It’s hard to measure what’s actually number 1 when everything is a different price.
On the pop charts, pricing is now an issue as all the top hits are being offered at wildly conflicting ranges.
For example: iTunes has pumped up sales of Carrie Underwood’s new album by discounting it to an incredible $5.99. The result is that “Storyteller” is number 3 on the iTunes charts. Who wouldn’t buy something for $5.99 just to see what it is? That’s what albums sold for 40 years ago. “Storyteller” is also at that price (for download) at amazon.
Meanwhile, Adele’s forthcoming “25” album is ranked as the number 1 album on both iTunes, where it’s selling for $10.99, and amazon, where it’s the same price for the download and but only $9.99 for the CD, which you could buy and then upload into a computer for free. That’s four dollars off the basic list price. It’s also four dollars cheaper than the deluxe edition of One Direction’s “Made in the AM,” which is at number 6 on iTunes awaiting release next Friday, and two dollars less than Justin Bieber’s “Purpose,” currently second to Adele.

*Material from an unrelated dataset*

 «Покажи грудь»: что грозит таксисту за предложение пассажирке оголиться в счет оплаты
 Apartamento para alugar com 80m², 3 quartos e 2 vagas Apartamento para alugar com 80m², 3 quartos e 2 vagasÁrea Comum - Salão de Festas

So what’s doing better? The deep discounted albums or the highly price ones? Over at amazon, the Beatles’ new “1+1” box set, selling for $50.98, is at number 4 among their physical CDs. (It’s worth it.)
And who’s eating the cost of these discounts? The record companies take the hit to stimulate sales and chart position. But there’s no parity, just a free-for-all on the charts.